Duodenal PKC-δ and cholecystokinin signaling axis regulates glucose production.

OBJECTIVE

Metabolism of long-chain fatty acids within the duodenum leads to the activation of duodenal mucosal protein kinase C (PKC)-δ and the cholecystokinin (CCK)-A receptor to lower glucose production through a neuronal network. However, the interfunctional relationship between duodenal PKC-δ and CCK remains elusive. Although long-chain fatty acids activate PKC to stimulate the release of CCK in CCK-secreting cells, CCK has also been found to activate PKC-δ in pancreatic acinar cells. We here evaluate whether activation of duodenal mucosal PKC-δ lies upstream (and/or downstream) of CCK signaling to lower glucose production.

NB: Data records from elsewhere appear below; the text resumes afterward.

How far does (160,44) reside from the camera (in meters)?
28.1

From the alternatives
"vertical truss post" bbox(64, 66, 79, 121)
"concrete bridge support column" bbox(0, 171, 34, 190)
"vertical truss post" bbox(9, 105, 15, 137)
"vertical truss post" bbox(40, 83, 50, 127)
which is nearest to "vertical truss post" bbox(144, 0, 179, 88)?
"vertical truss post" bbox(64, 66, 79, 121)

RESEARCH DESIGN AND METHODS

We first determined with immunofluorescence whether PKC-δ and CCK were colocalized within the duodenal mucosa. We then performed gain- and loss-of-function experiments targeting duodenal PKC-δ and the CCK-A receptor and evaluated the impact on changes in glucose kinetics during pancreatic (basal insulin) clamps in rats in vivo.

RESULTS

Immunostaining of PKC-δ was found to colocalize with CCK in the duodenal mucosa. Intraduodenal coinfusion of either the CCK-A receptor antagonist MK-329 or CR-1409 with the PKC activator negated the ability of duodenal mucosal PKC-δ activation to lower glucose production during the pancreatic clamps in normal rats. Conversely, molecular and pharmacological inhibition of duodenal PKC-δ did not negate the ability of the duodenal CCK-A receptor agonist CCK-8 to lower glucose production, indicating that activation of duodenal PKC-δ lies upstream (and not downstream) of CCK signaling. Finally, intraduodenal PKC activator infusion failed to lower glucose production in rats with high-fat diet-induced duodenal CCK resistance.

CONCLUSIONS

In summary, activation of duodenal PKC-δ leads to the stimulation of CCK release and activation of the CCK-A receptor signaling axis to lower glucose production in normal rats, but fails to bypass duodenal CCK-resistance in high fat-fed rats.